*DATASET CONTENT*.
■ ■ ■
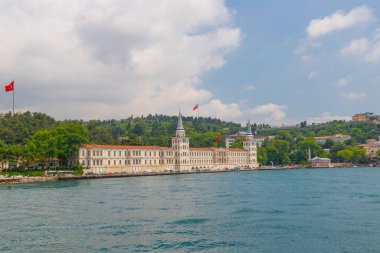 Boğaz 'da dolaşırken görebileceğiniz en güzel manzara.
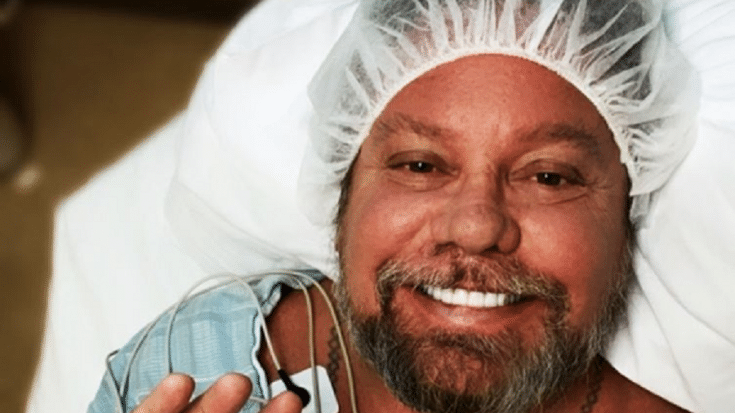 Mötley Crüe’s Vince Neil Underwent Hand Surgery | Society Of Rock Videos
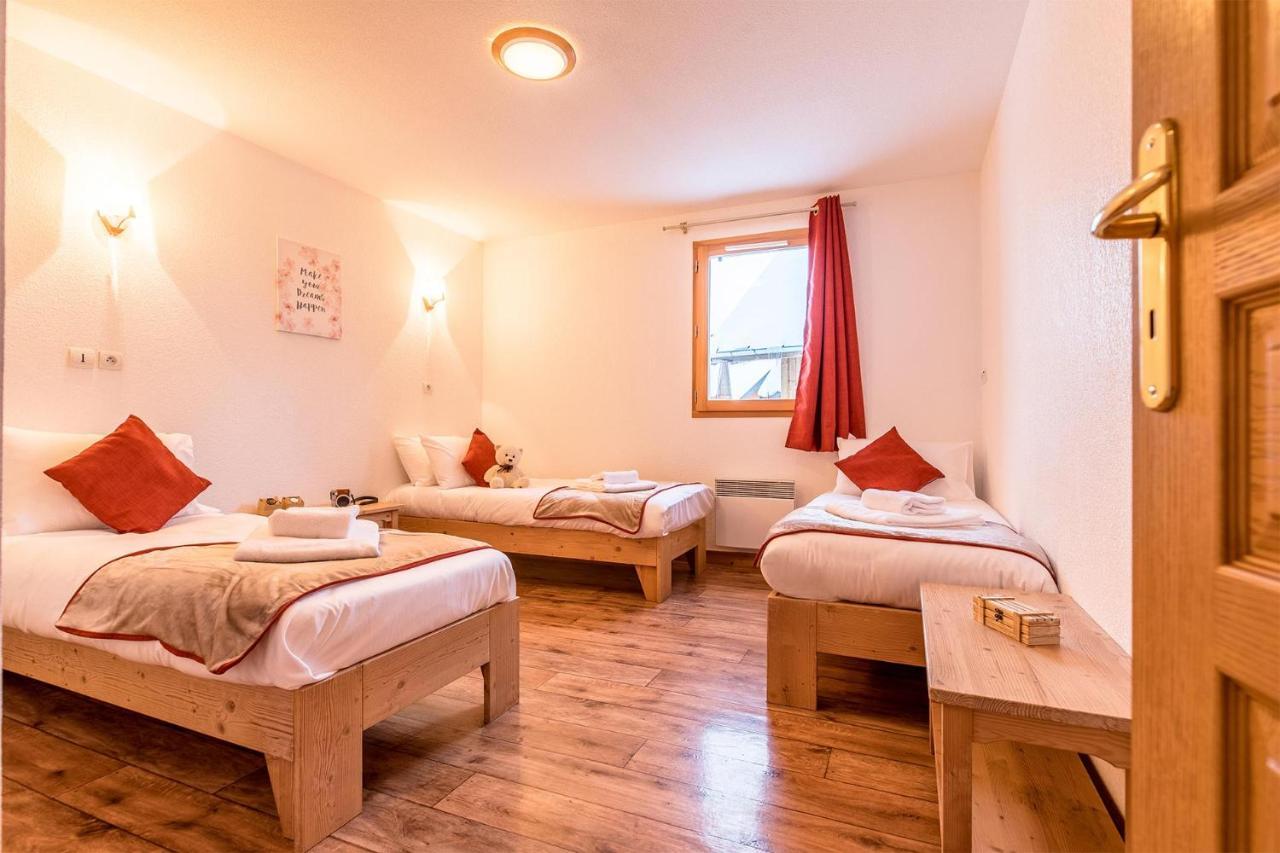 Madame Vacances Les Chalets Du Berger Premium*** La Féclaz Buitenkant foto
■ ■ ■
*WHAT THE TASK REQUIRES*.
Could you write out the whole listing exactly, dropping the pictures?

*SOLUTION TO THIS PROBLEM*.
 Boğaz 'da dolaşırken görebileceğiniz en güzel manzara.
 Mötley Crüe’s Vince Neil Underwent Hand Surgery | Society Of Rock Videos
 Madame Vacances Les Chalets Du Berger Premium*** La Féclaz Buitenkant foto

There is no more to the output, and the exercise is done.